:: Requirement ::
For this exercise, return only the lines in the records below from the one holding "Аренда 2-комнатной квартиры" through the one holding "丹麦队再展铁血本色,防守反击体系升级铸就连胜之路", including both, exactly as they appear and without pictures.

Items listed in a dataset
----

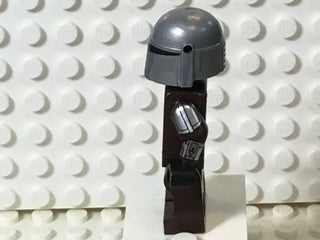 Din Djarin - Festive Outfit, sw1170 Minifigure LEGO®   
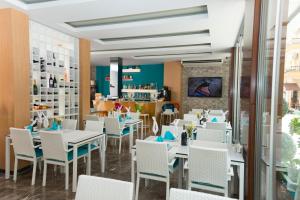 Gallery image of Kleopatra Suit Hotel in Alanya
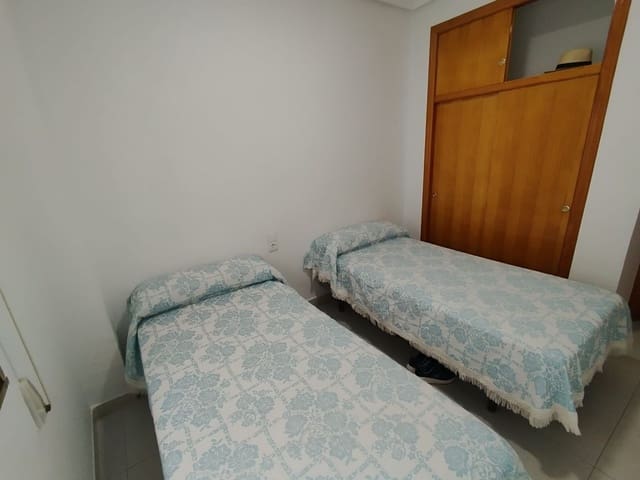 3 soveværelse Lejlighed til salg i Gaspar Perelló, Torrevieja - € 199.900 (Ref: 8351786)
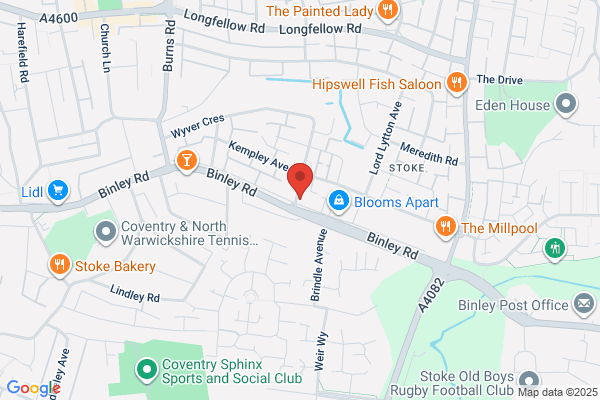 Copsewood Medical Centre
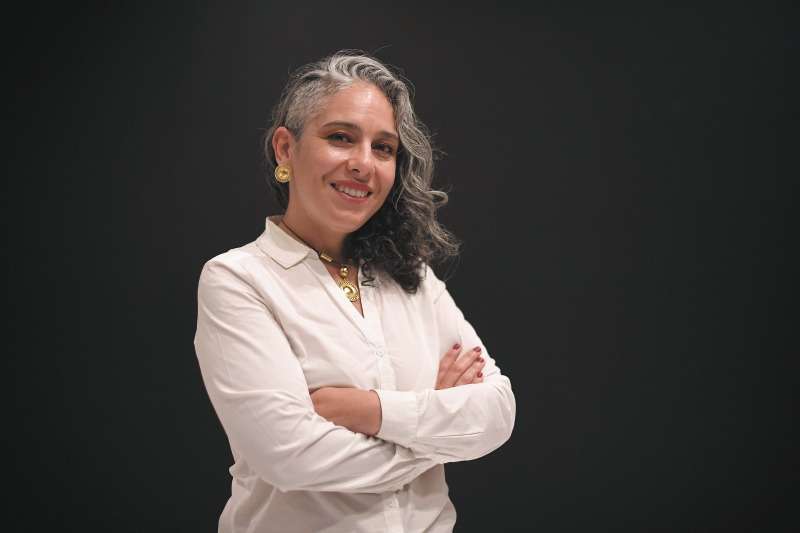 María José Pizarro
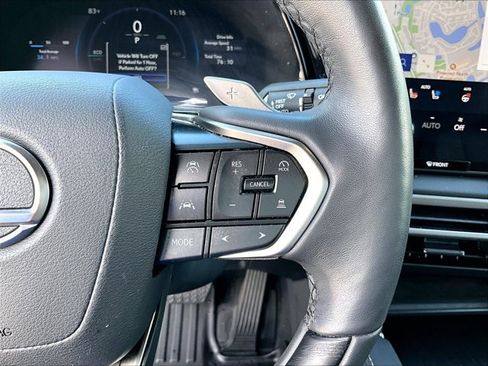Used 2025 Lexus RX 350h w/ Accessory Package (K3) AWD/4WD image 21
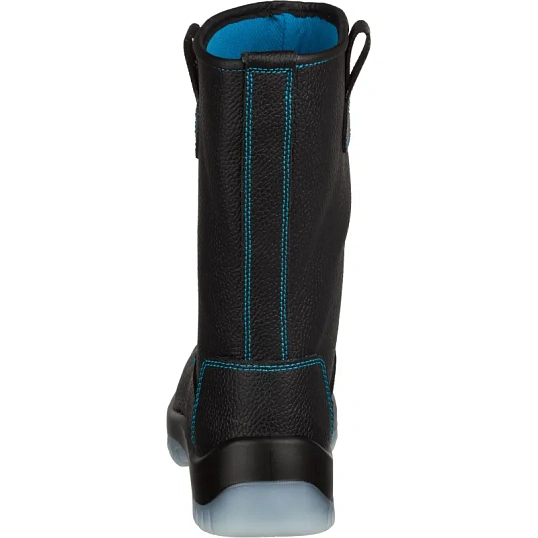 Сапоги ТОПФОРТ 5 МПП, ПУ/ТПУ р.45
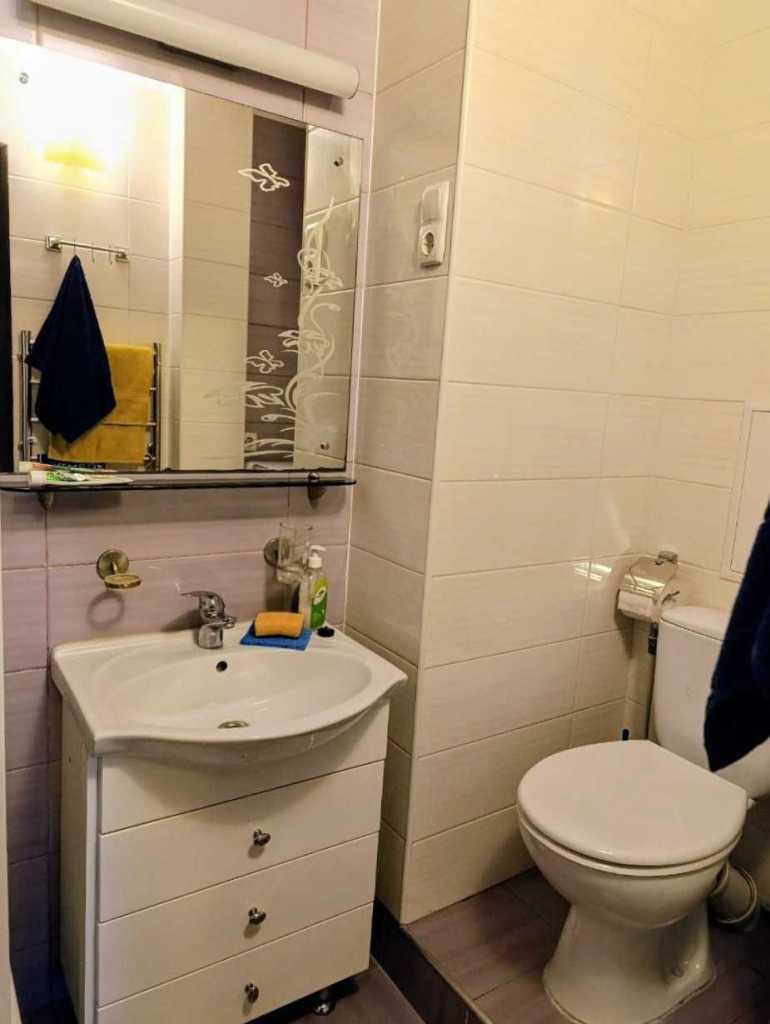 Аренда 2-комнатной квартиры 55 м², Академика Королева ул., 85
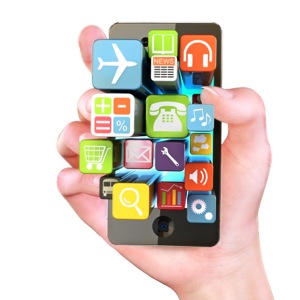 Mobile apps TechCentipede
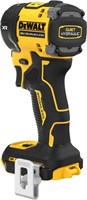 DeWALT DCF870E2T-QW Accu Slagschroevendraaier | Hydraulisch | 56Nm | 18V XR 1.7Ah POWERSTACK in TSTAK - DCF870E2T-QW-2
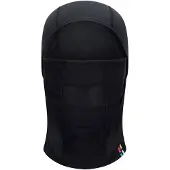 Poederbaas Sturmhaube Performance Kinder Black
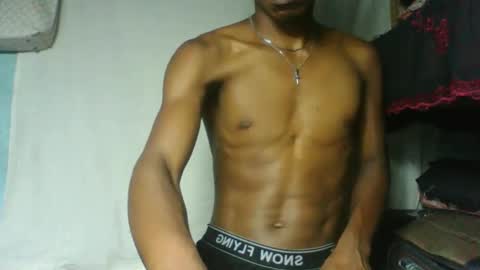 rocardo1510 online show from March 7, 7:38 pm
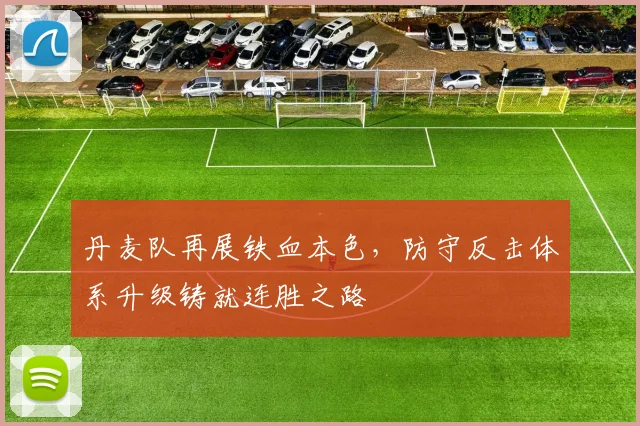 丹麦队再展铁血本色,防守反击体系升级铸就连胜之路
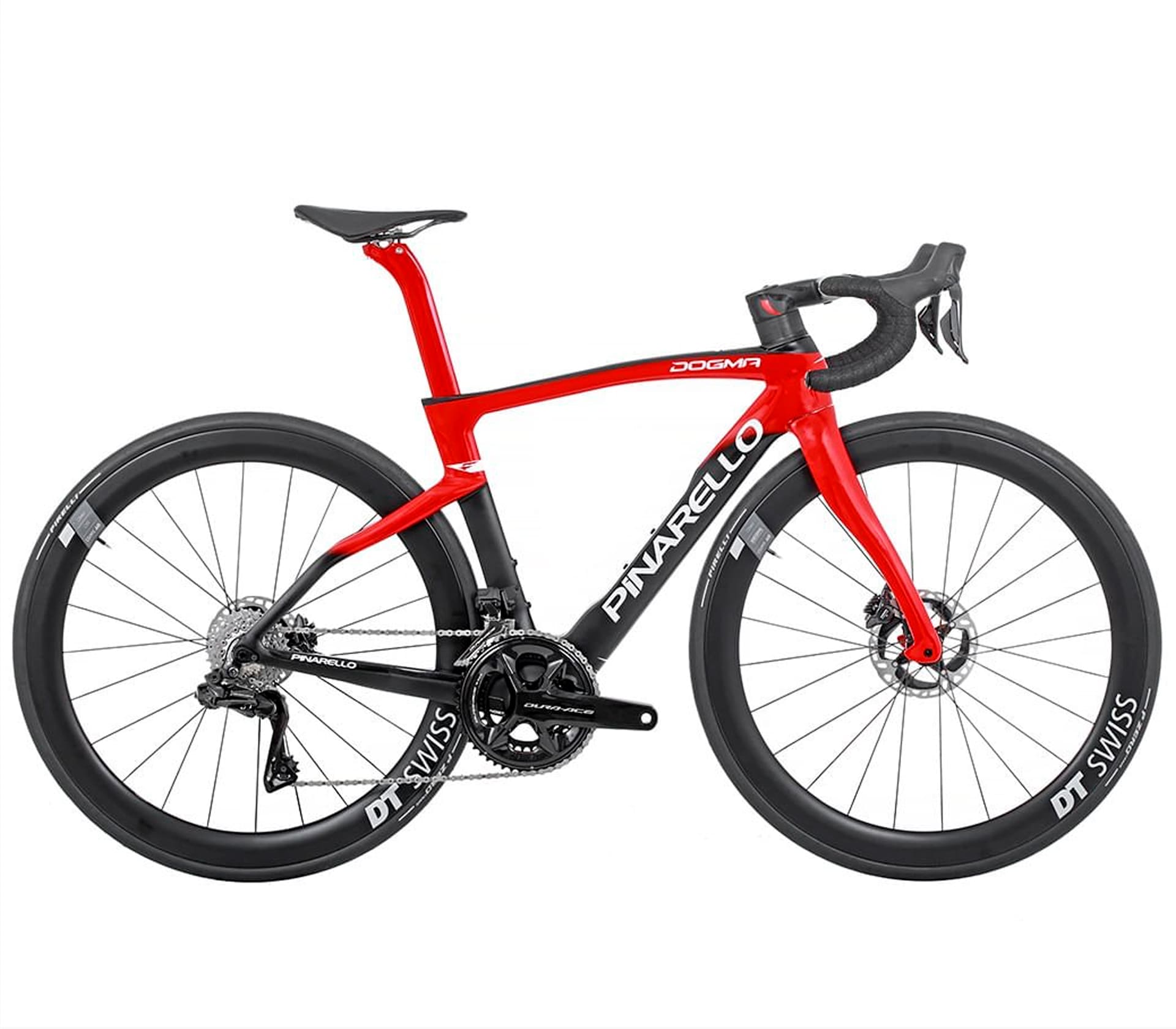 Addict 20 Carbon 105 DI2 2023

----

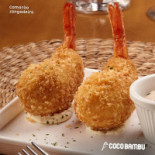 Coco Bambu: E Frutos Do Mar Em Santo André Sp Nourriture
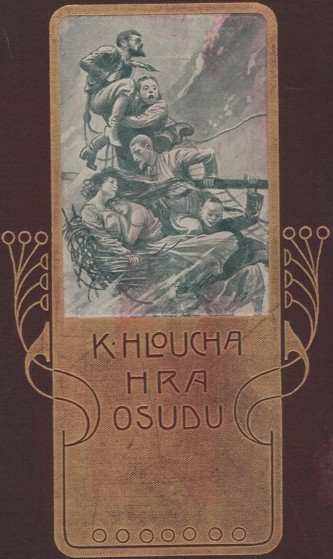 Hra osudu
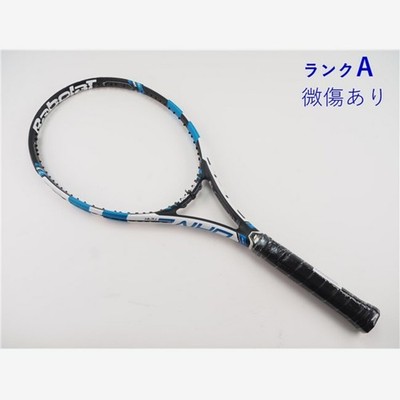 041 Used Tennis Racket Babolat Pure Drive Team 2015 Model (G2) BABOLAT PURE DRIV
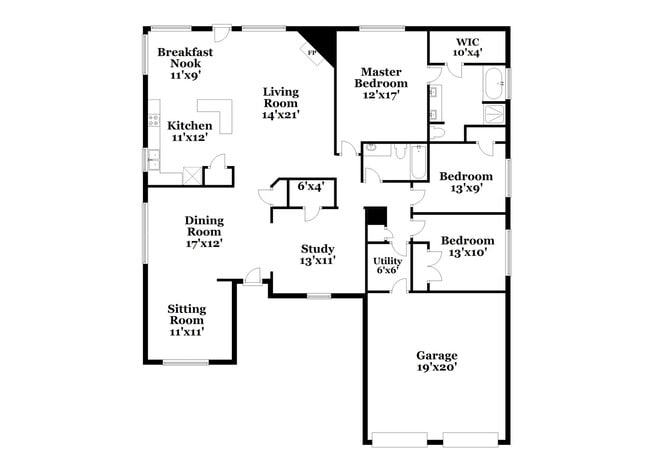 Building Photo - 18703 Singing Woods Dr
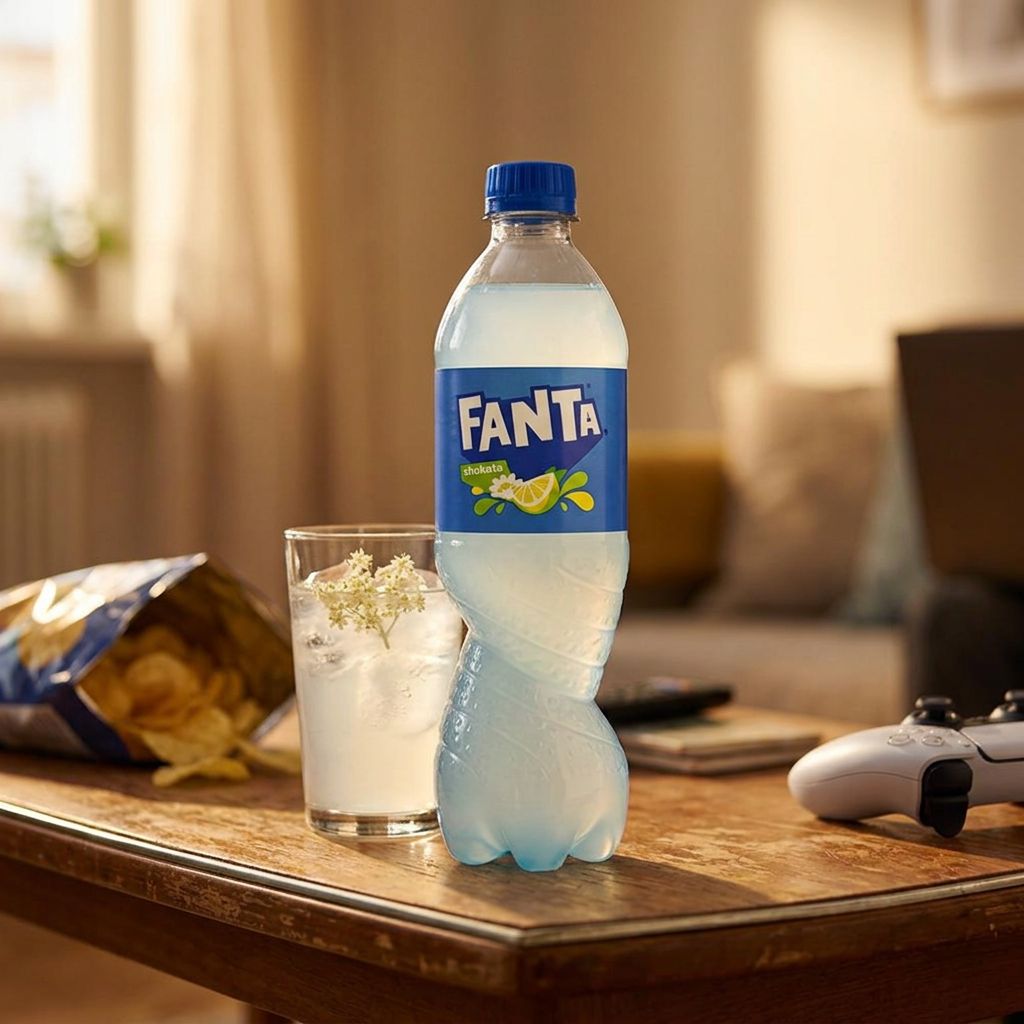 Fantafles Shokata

----

:: Answer to this task ::
 Аренда 2-комнатной квартиры 55 м², Академика Королева ул., 85
 Mobile apps TechCentipede
 DeWALT DCF870E2T-QW Accu Slagschroevendraaier | Hydraulisch | 56Nm | 18V XR 1.7Ah POWERSTACK in TSTAK - DCF870E2T-QW-2
 Poederbaas Sturmhaube Performance Kinder Black
 rocardo1510 online show from March 7, 7:38 pm
 丹麦队再展铁血本色,防守反击体系升级铸就连胜之路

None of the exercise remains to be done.